Construction partner Andrew Parker and associate Dan Cudlipp talk to podcast host Miri Stickland about the impact of recent regulatory changes to the use of cladding on high rise buildings and who is responsible for the cost of replacing existing combustible cladding.
Some excerpts include:
“The Building Regulations require that building work must be carried out with adequate and appropriate materials in the circumstances. A second limb to that has now been introduced to ban combustible materials on residential buildings over 18 metres high. However, these changes won’t alone require remedial action to be taken in relation to completed buildings with combustible cladding. The trigger there is the fact that the building in question didn’t comply with the Regulations as they stood at the time when it was erected, extended or refurbished.”
“The Government has made funds available to replace existing combustible cladding, but the general feeling is that amount won’t be enough.

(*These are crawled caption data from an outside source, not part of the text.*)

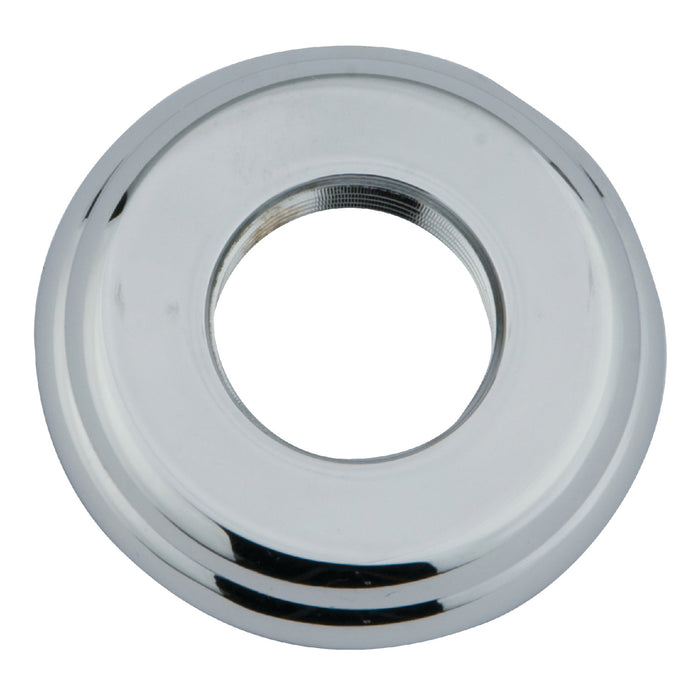 Kingston KSHF2961ML Handle Flange, Polished Chrome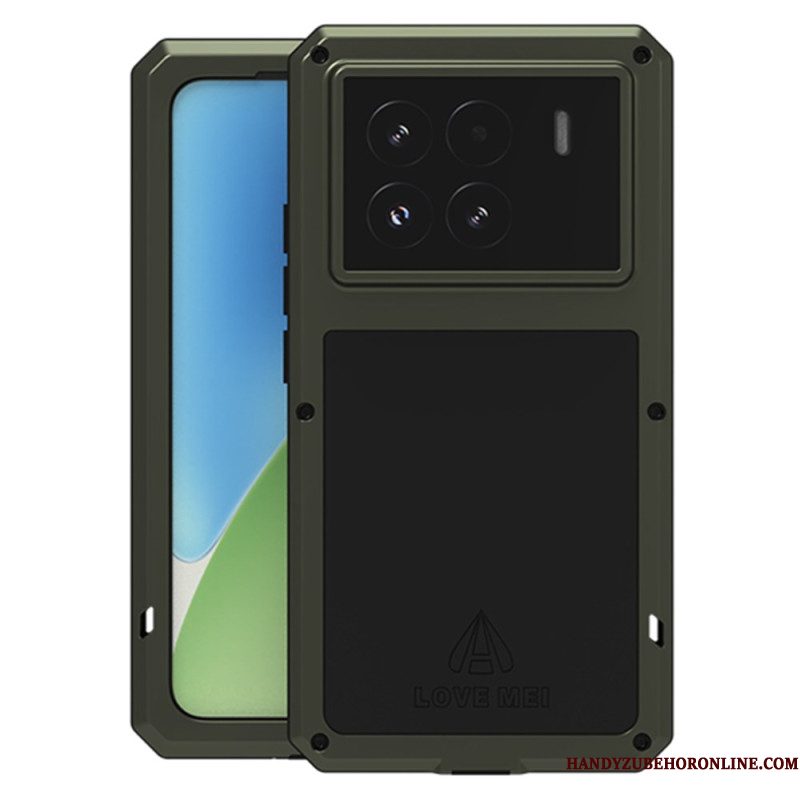 Hoesje Voor Xiaomi 15 Pro Love Mei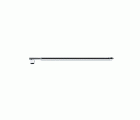TUBO MAMPARA EXTENSIBLE BSC10 800-1000mm IN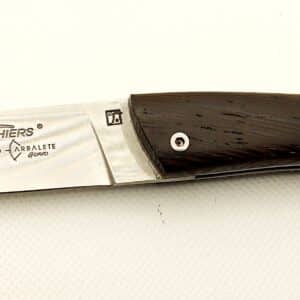 Le Thiers 12cm Wengé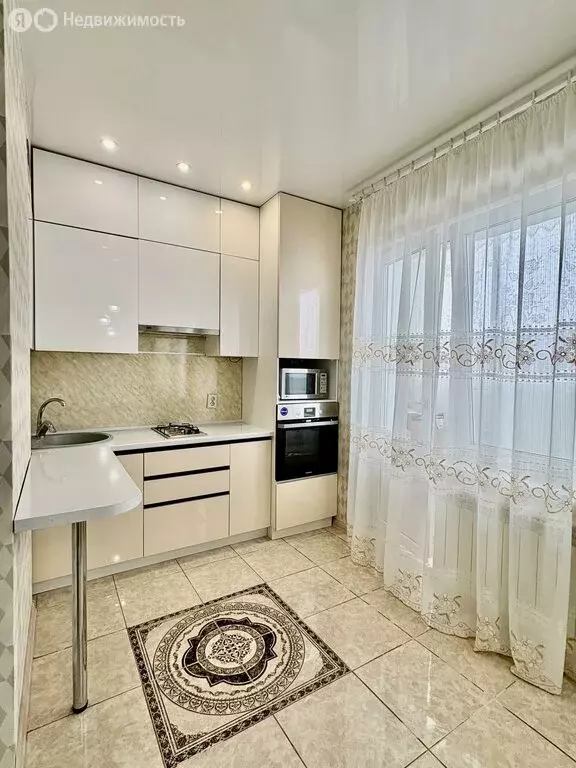 2-комнатная квартира: Республика Саха (Якутия), городской округ Жатай, ... - Фото 1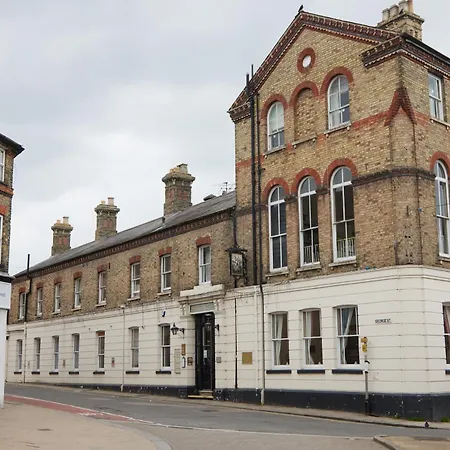 George Hotel By Greene King Inns-2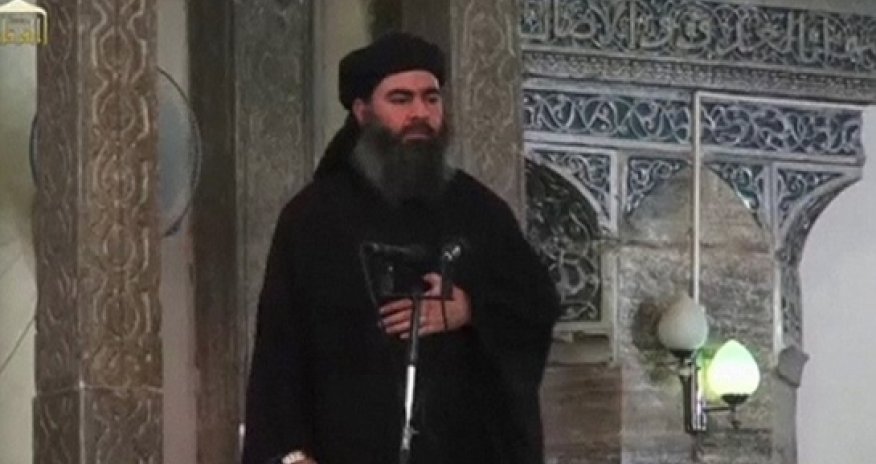 The ISIS family tree - VIDEO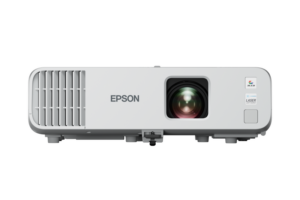 מקרן Epson EB-L260F מבט קדמי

There is also a requirement for anyone making an application to that fund to take steps to pursue those responsible for the defective cladding in the first place, but quite how far they will have to go remains to be seen. Ultimately, where the defect is a design issue, those parties responsible for the design and build of the building in the first place are going to have to answer those claims, which in turn means we are seeing a hardening in the professional indemnity insurance market.”
“In terms of hard and fast conclusions coming out of the Grenfell Enquiry, that is a couple of years away. Until we have those conclusions, it is difficult to know what the ultimate reaction of the industry will be. In the interim, where there are choices available, we are seeing people taking the more cautious approach, although obviously that has to considered in a commercial context as well.”